** Material provided **
════

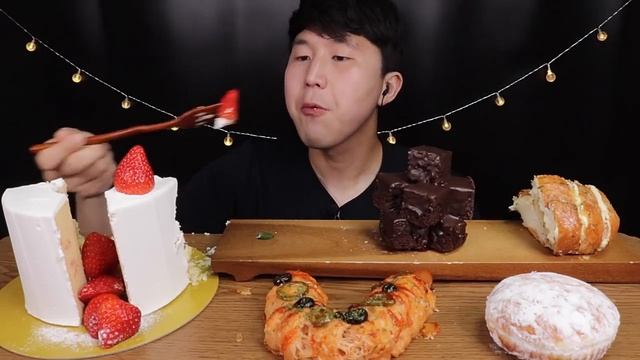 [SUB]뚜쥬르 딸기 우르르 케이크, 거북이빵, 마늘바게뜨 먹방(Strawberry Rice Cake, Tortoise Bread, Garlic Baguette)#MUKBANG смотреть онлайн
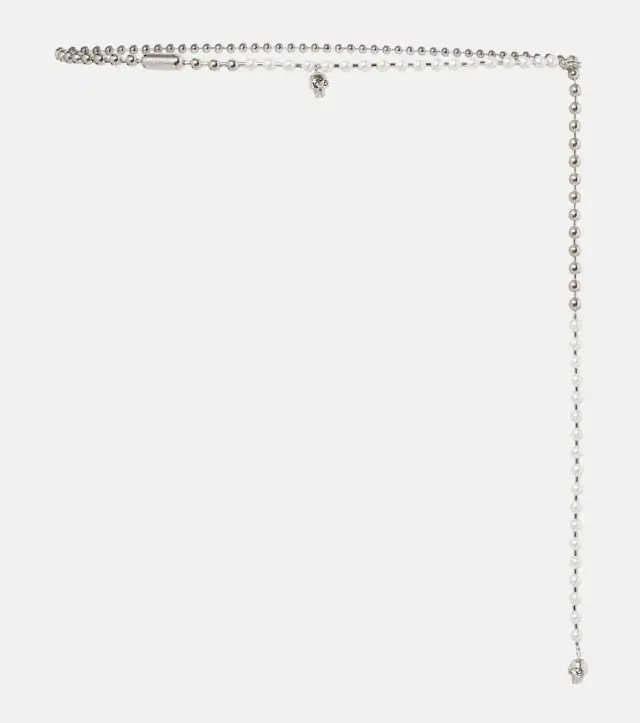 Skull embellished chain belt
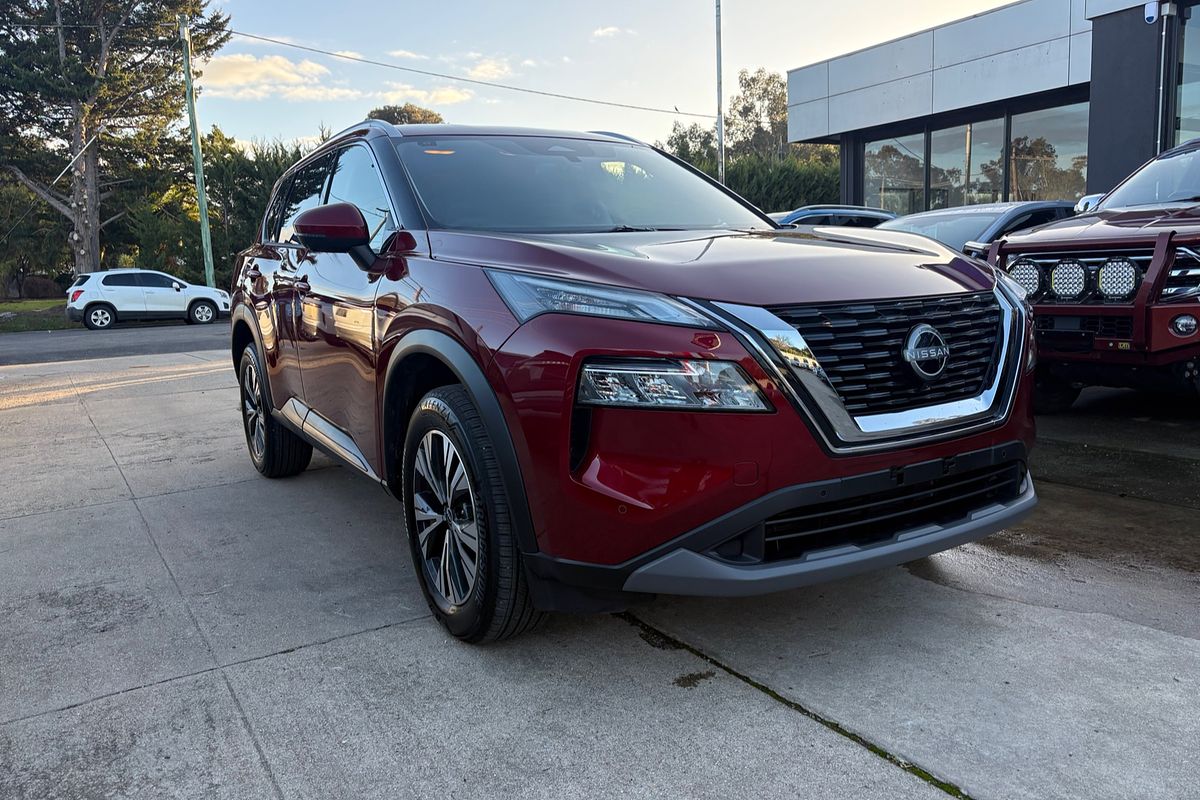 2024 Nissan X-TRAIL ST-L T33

════

** Activity **
Give back the listing exactly, with the pictures removed.

** Problem solution **
 [SUB]뚜쥬르 딸기 우르르 케이크, 거북이빵, 마늘바게뜨 먹방(Strawberry Rice Cake, Tortoise Bread, Garlic Baguette)#MUKBANG смотреть онлайн
 Skull embellished chain belt
 2024 Nissan X-TRAIL ST-L T33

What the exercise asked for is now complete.